Mention “spirituality” in relation to modern or contemporary art in a United States metropolis, and chances are you’ll get some eye rolls. Mestre Didi: Spiritual Form at El Museo del Barrio makes it clear from the beginning that the word is used with intention.
The show surveys Afro-Brazilian artist Deoscóredes Maximiliano dos Santos, better known as Mestre (Master) Didi, who was also a Candomblé priest, and the mixed-media sculptures on view are related to liturgical objects used in ceremonies for the African diasporic religion. Just as important, though, is the form. Born in 1917 in Salvador, Brazil, Mestre Didi began exhibiting his sculptures in the 1960s, drawing a distinction between the objects used in religious ceremonies and those shown in art institutions; by the time of his death in 2013, he had established an international art practice. In doing so, he foregrounded African diasporic perspectives in Brazilian art and asserted the presence of alternative modernisms in a Eurocentric art world.

Spiritual Form, Mestre Didi’s first monographic exhibition in the US in 25 years, is a thorough introduction to Candomblé cosmology and its African roots that guided the artist, as well as his influence on his peers and later generations of artists: The show is supplemented with works by other Afro-Brazilian artists (including “Igi Axé,” 2024, a stunning, green tree-like sculpture by Antonio Oloxedê, Didi’s grandson). The sculptures range from small pieces based on scepters used in Candomblé ceremonies to elaborate, towering works that combine the iconography of different orishas — deities in the Candomblé pantheon.
In “Ope Awo Ibo – Mysterious palm of the woods” (2004/2011), a base made of palm tree ribs adorned with red and black leather, along with beads and cowrie shells, gives way to a leaf-like blossom composed of multicolored fabric, sheltering a wild outgrowth of the plant. “Ejolorun” (1990), one of the few works that diverges from the totemic format, is a snake poised on the floor in a figure eight.
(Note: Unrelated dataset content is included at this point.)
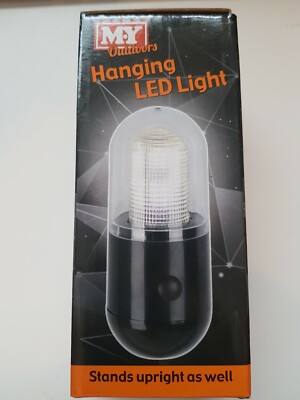 Neu hängende LED Leuchte Outdoor 80 Lumen 0,5Wx8 weiß Garten Camping Exkursionen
The title refers to the Yoruba word for snake (“ejo”), while the serpent signifies the orisha Oshumare, who connects heaven and earth in Yoruba mythology. In other works, such as “Igi Nilé Ati Ejo Ori Meji – Tree of earth with two-headed serpent” (1990s), limbs branch off a central trunk and pirouette around one another in elegant nods to the relationship between the animate earth and the spirit in Candomblé cosmology.

Among the standout works by other artists are Nádia Taquary’s wall-hanging sculptures, which capture the sumptuous textures and colors of cowrie shells, glass beads, and raffia, and “Ijó Mimó” (2019) by the show’s co-curator, artist Ayrson Heráclito, which consists of a video on three screens of a dance performance by dancer Negrizu and dancer and choreographer (and Mestre Didi’s daughter) Inaicyra Falcão.
As someone who was previously unfamiliar with Didi, I left the show grateful to El Museo del Barrio for bringing his work to a new generation of US museum-goers, and disappointed that other major museums (the Museum of Modern Art, for instance) hadn’t already mounted a retrospective. In the whole story of modern art, Europe and North America are just one chapter that we should have moved beyond long ago.








Mestre Didi: Spiritual Form continues at El Museo del Barrio (1230 Fifth Avenue, East Harlem, Manhattan) through July 13. The exhibition was curated by Rodrigo Moura and Ayrson Heráclito with curatorial fellow Chloë Courtney.